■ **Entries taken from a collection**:

▽

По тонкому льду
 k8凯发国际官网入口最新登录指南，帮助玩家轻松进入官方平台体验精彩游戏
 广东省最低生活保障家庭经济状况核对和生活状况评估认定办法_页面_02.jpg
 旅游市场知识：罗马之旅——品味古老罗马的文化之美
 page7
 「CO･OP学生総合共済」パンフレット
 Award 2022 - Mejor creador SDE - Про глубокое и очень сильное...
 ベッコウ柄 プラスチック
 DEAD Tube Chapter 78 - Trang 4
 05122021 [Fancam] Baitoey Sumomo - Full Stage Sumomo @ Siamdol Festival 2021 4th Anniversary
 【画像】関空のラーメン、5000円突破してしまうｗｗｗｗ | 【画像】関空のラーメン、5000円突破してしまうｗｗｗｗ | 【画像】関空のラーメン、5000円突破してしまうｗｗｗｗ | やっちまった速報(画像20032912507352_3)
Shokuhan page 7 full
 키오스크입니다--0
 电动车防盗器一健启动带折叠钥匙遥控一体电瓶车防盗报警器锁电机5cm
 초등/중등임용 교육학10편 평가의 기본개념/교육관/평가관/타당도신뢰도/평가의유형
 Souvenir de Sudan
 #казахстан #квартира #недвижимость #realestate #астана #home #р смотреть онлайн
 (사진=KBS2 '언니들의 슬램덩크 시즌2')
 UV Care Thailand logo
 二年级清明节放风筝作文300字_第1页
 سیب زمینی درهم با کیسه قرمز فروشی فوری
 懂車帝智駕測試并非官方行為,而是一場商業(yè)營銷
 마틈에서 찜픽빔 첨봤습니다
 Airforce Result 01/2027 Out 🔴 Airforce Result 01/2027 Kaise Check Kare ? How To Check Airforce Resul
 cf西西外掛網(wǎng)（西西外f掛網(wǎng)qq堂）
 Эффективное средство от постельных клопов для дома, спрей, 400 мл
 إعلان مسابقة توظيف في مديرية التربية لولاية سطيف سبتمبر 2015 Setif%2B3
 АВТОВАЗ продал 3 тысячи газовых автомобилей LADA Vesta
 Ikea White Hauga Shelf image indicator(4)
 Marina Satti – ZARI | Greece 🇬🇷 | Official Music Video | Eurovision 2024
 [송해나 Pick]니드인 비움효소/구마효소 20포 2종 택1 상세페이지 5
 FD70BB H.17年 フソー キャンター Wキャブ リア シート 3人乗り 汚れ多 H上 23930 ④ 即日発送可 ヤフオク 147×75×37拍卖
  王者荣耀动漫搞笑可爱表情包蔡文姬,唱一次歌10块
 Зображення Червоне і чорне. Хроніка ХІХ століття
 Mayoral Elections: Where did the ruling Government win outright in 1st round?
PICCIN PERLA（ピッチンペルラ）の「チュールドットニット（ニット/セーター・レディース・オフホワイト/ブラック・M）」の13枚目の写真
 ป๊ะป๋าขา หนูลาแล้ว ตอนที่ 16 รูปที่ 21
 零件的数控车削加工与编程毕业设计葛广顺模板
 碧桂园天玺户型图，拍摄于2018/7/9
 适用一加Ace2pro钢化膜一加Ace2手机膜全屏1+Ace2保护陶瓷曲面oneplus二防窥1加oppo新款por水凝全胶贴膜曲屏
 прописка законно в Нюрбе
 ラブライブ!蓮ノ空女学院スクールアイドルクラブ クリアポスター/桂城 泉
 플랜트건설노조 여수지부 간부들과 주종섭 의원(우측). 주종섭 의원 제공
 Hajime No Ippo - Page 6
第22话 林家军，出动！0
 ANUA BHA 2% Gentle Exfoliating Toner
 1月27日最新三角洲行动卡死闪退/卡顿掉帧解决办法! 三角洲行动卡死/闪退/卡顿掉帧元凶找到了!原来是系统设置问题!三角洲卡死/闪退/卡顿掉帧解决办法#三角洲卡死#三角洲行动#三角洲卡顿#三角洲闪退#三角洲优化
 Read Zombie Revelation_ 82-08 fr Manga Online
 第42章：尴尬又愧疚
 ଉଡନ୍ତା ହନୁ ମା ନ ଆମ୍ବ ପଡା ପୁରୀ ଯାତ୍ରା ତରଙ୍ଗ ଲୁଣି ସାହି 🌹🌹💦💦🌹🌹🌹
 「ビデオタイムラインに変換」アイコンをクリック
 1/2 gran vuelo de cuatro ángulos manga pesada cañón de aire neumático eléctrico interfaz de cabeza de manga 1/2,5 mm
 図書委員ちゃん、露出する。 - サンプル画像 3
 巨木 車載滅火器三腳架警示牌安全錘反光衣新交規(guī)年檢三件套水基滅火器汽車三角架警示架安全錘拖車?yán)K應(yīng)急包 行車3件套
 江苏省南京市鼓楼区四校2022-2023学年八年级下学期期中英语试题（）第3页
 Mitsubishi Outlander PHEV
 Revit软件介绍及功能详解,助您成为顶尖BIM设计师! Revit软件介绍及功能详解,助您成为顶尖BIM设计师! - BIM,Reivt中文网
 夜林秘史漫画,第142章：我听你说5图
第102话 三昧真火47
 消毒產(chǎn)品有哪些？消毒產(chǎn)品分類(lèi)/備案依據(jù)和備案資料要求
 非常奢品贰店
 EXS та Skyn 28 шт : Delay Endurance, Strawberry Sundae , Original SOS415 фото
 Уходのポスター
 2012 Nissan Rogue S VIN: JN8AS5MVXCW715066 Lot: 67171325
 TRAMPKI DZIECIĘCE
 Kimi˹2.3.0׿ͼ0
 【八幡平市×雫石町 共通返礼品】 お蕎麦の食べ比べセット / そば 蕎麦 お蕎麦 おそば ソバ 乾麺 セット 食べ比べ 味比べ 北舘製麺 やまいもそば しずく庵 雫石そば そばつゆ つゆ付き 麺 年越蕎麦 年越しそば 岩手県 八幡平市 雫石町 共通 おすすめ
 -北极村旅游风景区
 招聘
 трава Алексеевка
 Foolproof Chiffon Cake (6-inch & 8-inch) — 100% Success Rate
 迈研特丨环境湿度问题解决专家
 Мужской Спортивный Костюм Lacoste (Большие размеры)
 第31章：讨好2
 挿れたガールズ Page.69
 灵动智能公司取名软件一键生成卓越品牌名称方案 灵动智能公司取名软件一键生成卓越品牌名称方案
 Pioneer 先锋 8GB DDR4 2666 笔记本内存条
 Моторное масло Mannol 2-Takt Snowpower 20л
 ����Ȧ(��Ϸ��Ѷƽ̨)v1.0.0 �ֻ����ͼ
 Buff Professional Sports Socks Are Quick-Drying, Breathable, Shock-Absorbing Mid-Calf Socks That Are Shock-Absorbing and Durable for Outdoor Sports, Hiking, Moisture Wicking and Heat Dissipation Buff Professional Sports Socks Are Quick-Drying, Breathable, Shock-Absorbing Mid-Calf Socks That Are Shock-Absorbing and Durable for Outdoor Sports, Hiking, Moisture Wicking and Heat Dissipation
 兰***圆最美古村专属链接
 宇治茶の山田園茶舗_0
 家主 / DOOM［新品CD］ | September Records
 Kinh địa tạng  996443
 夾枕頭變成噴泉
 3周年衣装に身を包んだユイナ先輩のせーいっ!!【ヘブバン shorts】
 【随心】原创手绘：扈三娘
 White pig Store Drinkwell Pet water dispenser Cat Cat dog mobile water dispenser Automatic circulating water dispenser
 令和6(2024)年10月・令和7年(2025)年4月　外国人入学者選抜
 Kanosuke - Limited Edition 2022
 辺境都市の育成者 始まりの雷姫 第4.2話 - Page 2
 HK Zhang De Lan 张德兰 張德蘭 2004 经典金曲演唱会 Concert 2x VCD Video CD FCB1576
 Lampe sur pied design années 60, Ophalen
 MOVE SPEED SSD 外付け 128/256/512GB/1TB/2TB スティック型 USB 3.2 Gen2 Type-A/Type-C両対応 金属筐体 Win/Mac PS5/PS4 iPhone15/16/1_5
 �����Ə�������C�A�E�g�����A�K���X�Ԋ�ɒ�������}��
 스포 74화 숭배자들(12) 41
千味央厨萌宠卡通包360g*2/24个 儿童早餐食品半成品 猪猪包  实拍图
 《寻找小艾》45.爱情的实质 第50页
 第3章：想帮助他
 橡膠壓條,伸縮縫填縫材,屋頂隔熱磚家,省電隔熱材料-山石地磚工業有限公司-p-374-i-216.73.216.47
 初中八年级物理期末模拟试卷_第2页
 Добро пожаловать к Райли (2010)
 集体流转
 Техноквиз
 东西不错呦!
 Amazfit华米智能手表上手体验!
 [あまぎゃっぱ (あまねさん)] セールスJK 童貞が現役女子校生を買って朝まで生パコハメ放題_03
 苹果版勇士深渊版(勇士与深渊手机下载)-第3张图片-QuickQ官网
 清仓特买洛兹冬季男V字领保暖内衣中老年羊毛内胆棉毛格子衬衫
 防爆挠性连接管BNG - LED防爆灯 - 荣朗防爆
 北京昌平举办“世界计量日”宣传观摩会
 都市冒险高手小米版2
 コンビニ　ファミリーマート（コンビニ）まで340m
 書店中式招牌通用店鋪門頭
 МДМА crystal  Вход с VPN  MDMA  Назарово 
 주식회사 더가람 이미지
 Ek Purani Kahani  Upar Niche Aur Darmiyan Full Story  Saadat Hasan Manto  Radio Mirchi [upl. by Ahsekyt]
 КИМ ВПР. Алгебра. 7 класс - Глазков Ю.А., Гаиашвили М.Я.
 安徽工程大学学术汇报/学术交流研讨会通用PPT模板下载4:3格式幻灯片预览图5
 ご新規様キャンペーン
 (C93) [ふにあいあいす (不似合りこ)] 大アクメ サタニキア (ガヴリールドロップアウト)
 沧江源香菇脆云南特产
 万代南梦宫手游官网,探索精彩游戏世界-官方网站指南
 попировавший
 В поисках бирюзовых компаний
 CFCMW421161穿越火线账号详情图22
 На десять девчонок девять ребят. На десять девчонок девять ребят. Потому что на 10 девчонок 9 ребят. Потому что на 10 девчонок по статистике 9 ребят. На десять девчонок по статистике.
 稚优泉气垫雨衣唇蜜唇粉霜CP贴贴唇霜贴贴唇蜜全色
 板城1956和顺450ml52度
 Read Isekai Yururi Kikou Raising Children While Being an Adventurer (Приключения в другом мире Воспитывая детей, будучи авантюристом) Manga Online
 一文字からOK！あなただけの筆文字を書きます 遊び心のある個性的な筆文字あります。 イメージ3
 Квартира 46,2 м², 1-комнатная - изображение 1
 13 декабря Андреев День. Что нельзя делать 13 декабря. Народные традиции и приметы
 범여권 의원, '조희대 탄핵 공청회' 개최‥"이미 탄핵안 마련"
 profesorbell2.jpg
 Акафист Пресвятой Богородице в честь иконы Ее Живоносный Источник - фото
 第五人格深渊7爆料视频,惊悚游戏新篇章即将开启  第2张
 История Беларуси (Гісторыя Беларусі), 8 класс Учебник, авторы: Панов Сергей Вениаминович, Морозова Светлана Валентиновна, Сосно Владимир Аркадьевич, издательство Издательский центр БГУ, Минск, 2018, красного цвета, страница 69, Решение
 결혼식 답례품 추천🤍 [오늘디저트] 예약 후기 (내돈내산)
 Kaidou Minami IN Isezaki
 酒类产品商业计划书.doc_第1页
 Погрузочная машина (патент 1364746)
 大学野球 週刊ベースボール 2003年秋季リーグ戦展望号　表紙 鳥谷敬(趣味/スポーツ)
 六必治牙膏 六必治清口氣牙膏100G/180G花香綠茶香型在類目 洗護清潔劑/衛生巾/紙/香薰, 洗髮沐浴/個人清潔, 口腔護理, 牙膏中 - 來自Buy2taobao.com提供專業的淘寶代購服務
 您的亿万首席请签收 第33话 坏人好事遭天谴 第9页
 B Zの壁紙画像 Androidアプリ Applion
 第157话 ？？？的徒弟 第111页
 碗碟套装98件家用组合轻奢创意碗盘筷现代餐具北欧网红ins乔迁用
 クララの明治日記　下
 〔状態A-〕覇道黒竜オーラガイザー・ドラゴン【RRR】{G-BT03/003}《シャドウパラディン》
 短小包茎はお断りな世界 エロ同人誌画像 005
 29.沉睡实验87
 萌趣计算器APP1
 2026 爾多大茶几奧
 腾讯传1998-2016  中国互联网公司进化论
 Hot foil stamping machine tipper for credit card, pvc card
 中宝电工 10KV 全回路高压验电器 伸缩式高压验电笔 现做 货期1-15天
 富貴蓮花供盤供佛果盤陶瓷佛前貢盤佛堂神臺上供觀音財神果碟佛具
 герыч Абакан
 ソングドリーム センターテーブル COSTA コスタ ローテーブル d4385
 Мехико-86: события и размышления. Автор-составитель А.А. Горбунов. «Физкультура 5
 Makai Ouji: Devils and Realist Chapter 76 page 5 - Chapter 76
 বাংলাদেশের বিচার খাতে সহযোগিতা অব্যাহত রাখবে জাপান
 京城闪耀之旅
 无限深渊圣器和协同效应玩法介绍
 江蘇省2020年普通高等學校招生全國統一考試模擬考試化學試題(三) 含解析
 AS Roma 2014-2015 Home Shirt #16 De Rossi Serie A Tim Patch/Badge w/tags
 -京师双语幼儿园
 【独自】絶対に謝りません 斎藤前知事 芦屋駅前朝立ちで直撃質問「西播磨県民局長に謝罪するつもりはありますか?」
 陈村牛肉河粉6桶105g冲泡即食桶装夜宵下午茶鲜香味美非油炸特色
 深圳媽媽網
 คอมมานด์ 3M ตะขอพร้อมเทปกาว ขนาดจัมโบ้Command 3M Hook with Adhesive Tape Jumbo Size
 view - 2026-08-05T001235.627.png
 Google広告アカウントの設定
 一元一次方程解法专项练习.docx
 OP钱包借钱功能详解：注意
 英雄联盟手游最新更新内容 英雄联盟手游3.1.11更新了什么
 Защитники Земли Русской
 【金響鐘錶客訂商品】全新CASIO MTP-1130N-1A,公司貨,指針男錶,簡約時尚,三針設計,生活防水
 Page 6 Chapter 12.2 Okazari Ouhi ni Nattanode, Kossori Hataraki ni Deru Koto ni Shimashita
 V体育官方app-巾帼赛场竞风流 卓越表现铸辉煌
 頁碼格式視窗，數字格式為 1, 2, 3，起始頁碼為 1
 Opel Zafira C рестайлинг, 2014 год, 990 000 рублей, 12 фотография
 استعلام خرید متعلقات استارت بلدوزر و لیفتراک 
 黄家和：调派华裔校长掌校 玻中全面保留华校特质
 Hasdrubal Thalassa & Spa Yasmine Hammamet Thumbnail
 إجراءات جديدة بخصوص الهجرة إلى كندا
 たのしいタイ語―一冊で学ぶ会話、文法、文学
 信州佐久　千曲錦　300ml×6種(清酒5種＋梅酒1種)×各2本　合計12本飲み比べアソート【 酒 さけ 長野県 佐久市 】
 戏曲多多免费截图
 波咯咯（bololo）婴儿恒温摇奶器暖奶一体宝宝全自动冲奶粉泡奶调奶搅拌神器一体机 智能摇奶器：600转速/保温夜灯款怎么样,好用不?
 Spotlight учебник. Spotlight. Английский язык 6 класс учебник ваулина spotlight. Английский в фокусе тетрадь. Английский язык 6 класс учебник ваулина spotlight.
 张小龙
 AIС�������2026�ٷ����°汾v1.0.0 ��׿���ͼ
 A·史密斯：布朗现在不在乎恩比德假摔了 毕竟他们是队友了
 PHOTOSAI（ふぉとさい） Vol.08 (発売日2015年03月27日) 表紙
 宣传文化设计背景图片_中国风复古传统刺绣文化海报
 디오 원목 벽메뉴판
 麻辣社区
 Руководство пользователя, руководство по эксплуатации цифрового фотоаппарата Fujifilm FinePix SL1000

△

■ **Work to complete**: Start at the first line of the entries and stop at the line with "Souvenir de Sudan". Retype each of those lines exactly, both ends included.

■ **Reply**:
По тонкому льду
 k8凯发国际官网入口最新登录指南，帮助玩家轻松进入官方平台体验精彩游戏
 广东省最低生活保障家庭经济状况核对和生活状况评估认定办法_页面_02.jpg
 旅游市场知识：罗马之旅——品味古老罗马的文化之美
 page7
 「CO･OP学生総合共済」パンフレット
 Award 2022 - Mejor creador SDE - Про глубокое и очень сильное...
 ベッコウ柄 プラスチック
 DEAD Tube Chapter 78 - Trang 4
 05122021 [Fancam] Baitoey Sumomo - Full Stage Sumomo @ Siamdol Festival 2021 4th Anniversary
 【画像】関空のラーメン、5000円突破してしまうｗｗｗｗ | 【画像】関空のラーメン、5000円突破してしまうｗｗｗｗ | 【画像】関空のラーメン、5000円突破してしまうｗｗｗｗ | やっちまった速報(画像20032912507352_3)
Shokuhan page 7 full
 키오스크입니다--0
 电动车防盗器一健启动带折叠钥匙遥控一体电瓶车防盗报警器锁电机5cm
 초등/중등임용 교육학10편 평가의 기본개념/교육관/평가관/타당도신뢰도/평가의유형
 Souvenir de Sudan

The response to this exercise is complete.